Nueva York habla a través de Joe Gould

Alejandro Gibert Abós, en el prefacio de la antología de artículos de Mitchell, confiesa su sospecha de que el periodista utiliza a Gould para “hablarnos del inconsciente de la ciudad”. Ahí está la clave. Gould es Nueva York.

“A través de él —escribe— quizá intenten hablarnos los muertos vivientes de Nueva York. Esos que nunca han pertenecido a ningún lugar. Esos que se sientan en bares terriblemente oscuros”.

El paralelismo entre Gould y Mitchell resulta asombroso. Ambos se llamaban Joseph. Ambos compartían afición por la ornitología; es más, Gould era conocido como «el profesor Gaviota» porque conversaba con las aves a través de sonoros graznidos. Ambos tenían una gran formación (Gould en Harvard; Mitchell en Chapel Hill, en Carolina del Norte). Ambos emigraron a Nueva York. Ambos empezaron como reporteros de sucesos. Ambos se embarcaron en una obra magna. Ambos padecieron sequía creativa, aunque la disimulaban de distintas maneras.

Entre las muchas virtudes de Joseph Mitchell como reportero, hay una esencial que se ha destacado poco. Alejandro Gibert Abós la menciona en su prefacio:

“Escribía bien y escribía rápido, pero si en algo descollaba era en su extraordinaria cordialidad. Sabía escuchar como nadie y poseía un don de gentes y un encanto natural que le permitía ganarse a cualquier interlocutor, ya fuera un personaje ilustre o un pobre de solemnidad…”

Un confesionario andante

Saber escuchar es el gran mérito de Mitchell. De hecho, en sus artículos son los personajes los que van narrando las historias, en las que el periodista apenas interviene.

“Uno de los secretos de la obra de Mitchell es sin duda la empatía —escribe Gibert—. Si su estilo resulta tan difícil de imitar es en parte porque requiere un interlocutor capaz de prestar oído, de ser todo oídos, como él lo era”.

Y para rematar, el prologuista acaba dando con la metáfora exacta para describir a Mitchell: “confesionario andante”.

Si hay un artículo donde se manifiesta definitivamente esa capacidad de escuchante es en el del Club de los Sordomudos. La descripción de las actividades de los sordos —bailes al son de la vibración, juegos de cartas por señas, vodeviles en lengua de signos— así como la prodigiosa entrevista al señor Frankenheimer, uno de los directivos de la asociación, debiera ser parte de las antologías del mejor periodismo de la historia. La entrevista se lleva a cabo, bloc en mano, a través de notas en las que Mitchell escribe las preguntas y el sordo va ofreciendo sus respuestas. Esa entrevista silenciosa, a base de intercambio de papeles, tiene más tensión y más contenido que cualquier conversación hablada.

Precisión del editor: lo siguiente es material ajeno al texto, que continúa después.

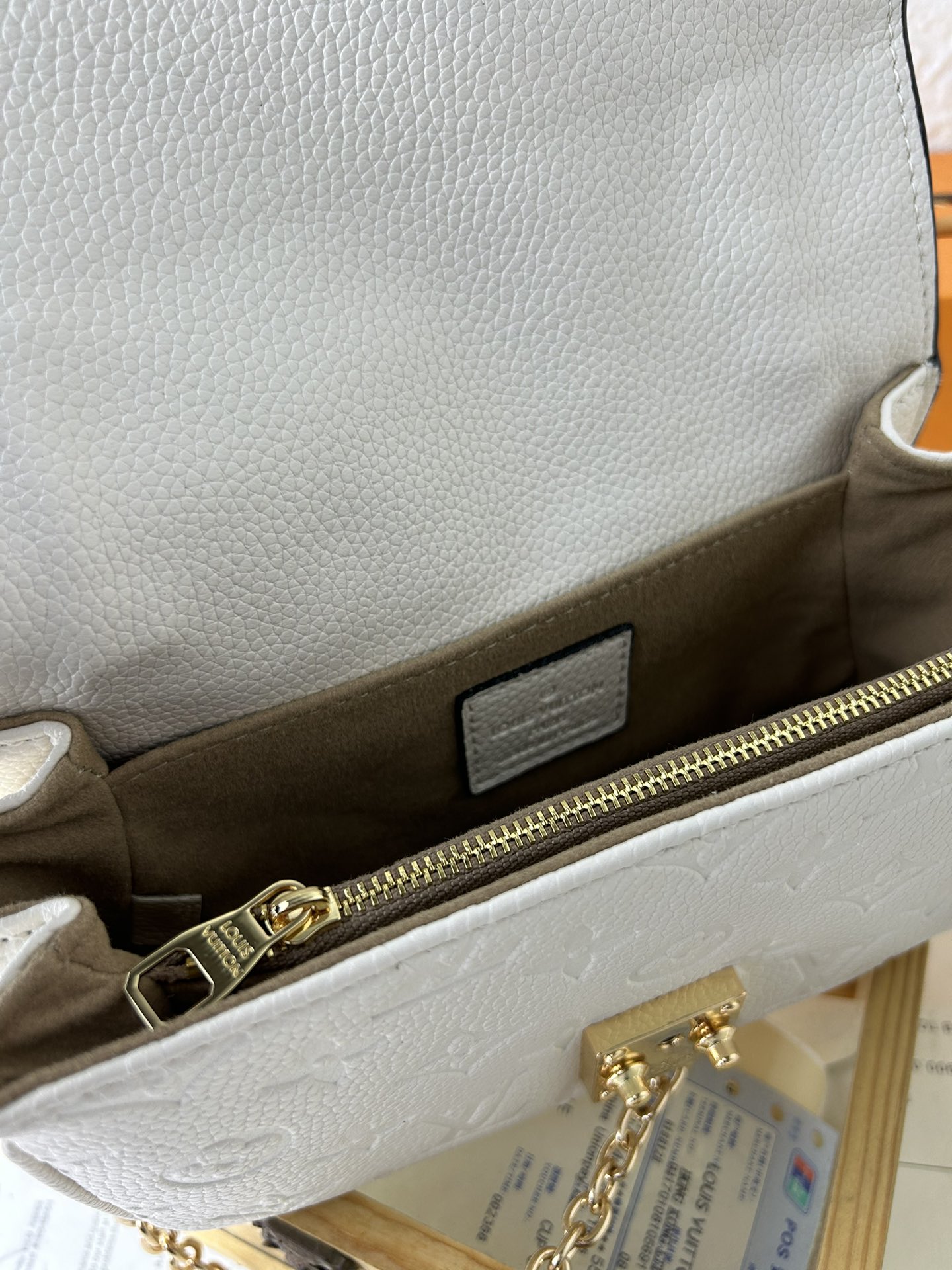 おしゃれなLV郵差包 East West Métis 小号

A los sordos, como todos los discapacitados, hay una serie de preguntas que les indignan profundamente. Por ejemplo: «¿Qué se siente al no oír?». Sin embargo, Mitchell consigue la respuesta.

“Los sordos viven en un mundo de silencio absoluto. El canto de las aves, las inflexiones de la voz humana, la belleza de la música, el alboroto de sonidos que proclama la vida están ausentes. Hay muchas cosas en movimiento, pero no hay un solo sonido”.

Es difícil encontrar en los artículos de Mitchell juicios, sentimientos o referencias a sí mismo. Escarbando mucho entre sus textos, aparece uno que concentra su juicio del periodismo.

«Yo trabajé como reportero para un periódico cuyos jefes opinaban que la mejor forma de dar brillo a una primera plana era un buen reportaje sobre la miseria humana. “El hombre de a pie está hoy tan desolado que se alegra con las desdichas ajenas”, decía uno de ellos».

Es difícil encontrar una definición más amarga del periodismo: desgracias del prójimo para animar a lectores desolados.